Sommer am Pont-du-Gard – Kapitel 8

Am nächsten Morgen musste sich Christina erst besinnen, warum sie auf dem Sofa lag. Dann fiel ihr der gestrige Tag ein. Hoffentlich ging es Madame Legrand heute besser. Sie mochte sie gern. Sie erinnerte sie etwas an ihre Oma, die vor einigen Jahren aber schon verstorben war. Und Loulou, die einerseits so erwachsen tun wollte und dabei ein ängstlicher, verunsicherter Teenager war. Das war aber auch kein Wunder, immerhin hatte sie niemanden mehr als ihre Großmutter.

Christina hörte ein Geräusch. Sie richtete sich auf und schaute sich um in Richtung Terrassentür. Hatte sie gestern Abend vergessen, diese zu schließen? Eine leise Stimme und danach ein wohliges Knurren kam von draußen. Das hörte sich nach Beau an. Aber die Stimme gehörte nicht Leo. Sie stand auf und ging auf die Terrasse. Vor ihr auf der Erde saß Loulou und neben ihr lag Beau. Sie sprach leise mit ihm. Sein Schwanz wedelte hin und her und seine braunen Augen schauten das Mädchen an.

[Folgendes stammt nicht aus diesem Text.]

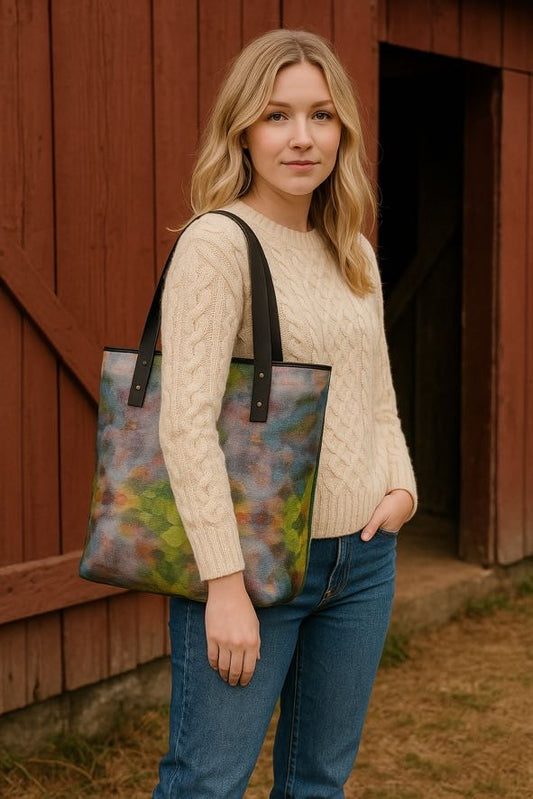 Lilac Waterlilies Urban Tote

„Du bist ja schon auf.“, sagte Christina.

„Ja, schon eine ganze Weile. Ich konnte nicht mehr schlafen. Ich möchte zu Grandmer.“

„Lass uns wenigstens eine Kleinigkeit frühstücken. Dann fahren wir. Ich gehe schnell ins Bad.“

Christina verschwand wieder nach drinnen. Loulou richtete ihre Aufmerksamkeit wieder auf Beau. Nach einer Weile rief Christina sie zum Frühstück. Es gab Brioch, Konfitüre und Butter und eine große Tasse Milchkaffee.

***

Im Krankenhaus mussten sie sich erst durchfragen, bis sie den netten Arzt von gestern Abend gefunden hatten.

„Deine Großmutter ist aufgewacht.“, sagte er. Loulou strahlte über das ganze Gesicht.

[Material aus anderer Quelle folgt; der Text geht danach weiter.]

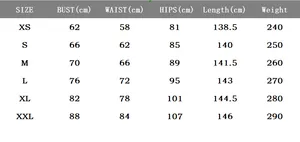Detailed size chart for floral backless maxi dress showing bust, waist, and hip measurements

„Wie geht es ihr.“, fragte sie aufgeregt.

„Sie hat Glück gehabt. Keine Lähmungen, keine Sprachschwierigkeiten. Es ist alles noch mal gut gegangen.“

„Darf ich zu ihr?“

„Sie braucht noch sehr viel Ruhe. Aber du kannst kurz zu ihr. Sie hat schon nach dir gefragt.“, der Arzt lächelte nachsichtig. „Den Gang runter, Zimmer 14 auf der rechten Seite.“

Loulou ging in die gezeigte Richtung. Sie drehte sich kurz um und sagte: „Danke.“ Dann lief sie weiter immer mit dem Blick auf die Zimmernummern. Vor der Nummer 14 blieb sie stehen und klopfte nach kurzem Zögern an. Sie machte vorsichtig die Tür auf und ging leise hinein.

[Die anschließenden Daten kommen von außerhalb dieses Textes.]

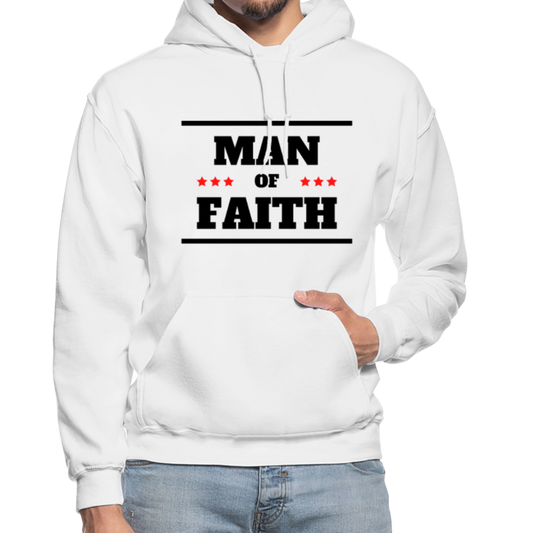 Mens Hoodie - Pullover Hooded Sweatshirt - Graphic/Man of Faith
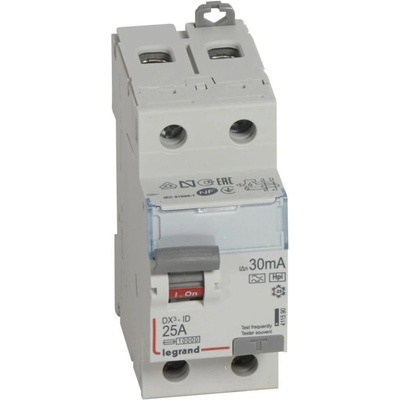 Legrand RCD 2P 25A 0,03A typ HPI P302 DX3 411590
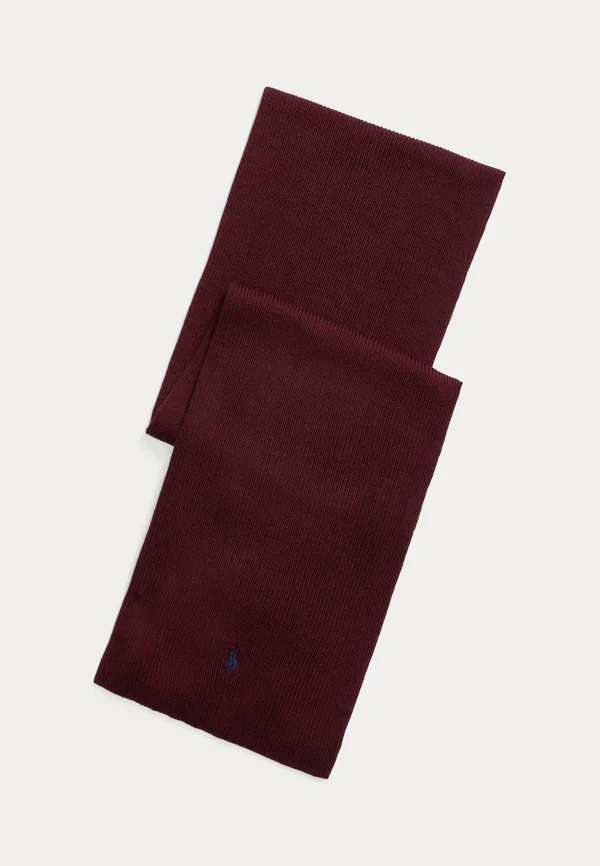 SIGNATURE PONY WOOL SCARF - Scarf - aged wine heather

Christina schaute Loulou hinterher. „Danke vielmals.“, sagte sie zu dem Arzt und ging ihr eilig nach. Sie betrat das Zimmer kurz nach Loulou und blieb an der Tür stehen. Keine der beiden hatte sie bemerkt. Das Mädchen saß auf der Bettkante und streichelte die blasse, kleine Hand ihrer Großmutter. Die große Erleichterung war ihr anzumerken. Genauso war es ihr auch ergangen, als ihr Vater vor einiger Zeit mit einem Herzinfarkt im Krankenhaus lag. Zu der Zeit war sie noch in Hamburg. Sie und ihre Mutter hatten sich täglich am Krankenbett abgewechselt. Arbeiten war für beide kaum möglich, aber ihre Mutter konnte die Galerie nicht schließen und Christina musste sich zwischendurch auch immer im Verlag blicken lassen. Was waren sie froh, als das Schlimmste überstanden und der Vater auf dem Weg der Besserung war.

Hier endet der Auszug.